Kidicorp Position Themselves as Enemies of Freedom
27 April 2005
Kidicorp Position Themselves as Enemies of Freedom
“Kidicorp have pinned their colours to the mast and deserve to be exposed for the acquiescing selfservers that they are,” says Peter Osborne, Libertarianz Spokesman to Deregulate Education today.
Mr Osborne is responding to an advertisement masquerading as a press release from Wayne Wright, Kidicorp’s Executive Director. In the advertisement, titled ‘Kidicorp geared for growth’, Mr Wright claims that ‘Negative sentiments expressed by some owners of early childhood education centres regarding increased administrative workloads to meet the new Ministry of Education funding system are misleading.’ “Not half as misleading as Wright’s press release,” responds Osborne.
“In the last two years there have been more early childhood centre closures than ever before,” says Osborne. “This is a direct result of the administrative burden that the Ministry has placed on these centres. The latest funding criteria have only compounded problems further. It is always the small operators that feel this burden the most as they find themselves spending more time fulfilling the state’s edicts than concentrating on the things they actually have a passion for, namely teaching. But being the largest early childhood provider in the country, I suppose that the current scenario suits Kidicorp nicely, as one-by-one the competition will drop away.”
“Such is the way with regulation: the large operators get larger, while the smaller ones go to the wall under a flood of paperwork.” Osborne wonders if Kidicorp will find itself immune to Nanny’s agenda when they are among the only private operators left standing.
“Frankly I find this whole-hearted and enthusiastic embracing of state interference to be incredibly smug and disingenuous,” Osborne says. “The general tone of Kidicorp’s release makes me wonder if the ministry divvies out its ill gotten loot more freely to those who fall into line. Going by Mr Wright’s press release he seems almost ecstatic to receive such interference.”

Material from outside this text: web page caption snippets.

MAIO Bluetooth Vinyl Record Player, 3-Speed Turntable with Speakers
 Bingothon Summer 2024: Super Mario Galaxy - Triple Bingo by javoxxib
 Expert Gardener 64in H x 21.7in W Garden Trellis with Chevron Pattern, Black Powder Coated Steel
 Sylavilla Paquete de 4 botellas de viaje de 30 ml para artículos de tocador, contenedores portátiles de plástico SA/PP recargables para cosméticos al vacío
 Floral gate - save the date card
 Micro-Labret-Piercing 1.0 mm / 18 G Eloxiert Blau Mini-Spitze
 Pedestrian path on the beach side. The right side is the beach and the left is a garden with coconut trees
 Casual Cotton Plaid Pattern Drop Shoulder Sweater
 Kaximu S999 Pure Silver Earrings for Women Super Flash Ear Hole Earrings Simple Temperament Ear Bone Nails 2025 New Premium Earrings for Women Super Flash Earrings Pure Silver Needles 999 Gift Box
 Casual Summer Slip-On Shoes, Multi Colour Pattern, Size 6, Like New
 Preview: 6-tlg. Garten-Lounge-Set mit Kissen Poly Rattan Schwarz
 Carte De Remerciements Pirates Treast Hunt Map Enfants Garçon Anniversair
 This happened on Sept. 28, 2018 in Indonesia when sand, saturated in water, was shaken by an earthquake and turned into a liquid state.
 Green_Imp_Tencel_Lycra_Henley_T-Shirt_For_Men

“This is a classic example of why the state and education must be separated. Early childcare centres are dropping like flies for all the wrong reasons. It is not because of incompetence or mismanagement but because they are being lumbered with an ever-increasing compliance burden. If our current model is able to continue, parents will be left with no options for their child’s first learning experience. With a monopoly there is no option, especially when the Labour Government makes early childhood education compulsory.”
Mr Osborne concludes, “Libertarianz will free the education sector in its entirety. The state will no longer have the power to engineer things to suit their own agenda. This will leave schools to operate effectively without unnecessary burdens from the state and no organisation will be able to use state coercion to gain an advantage over other providers.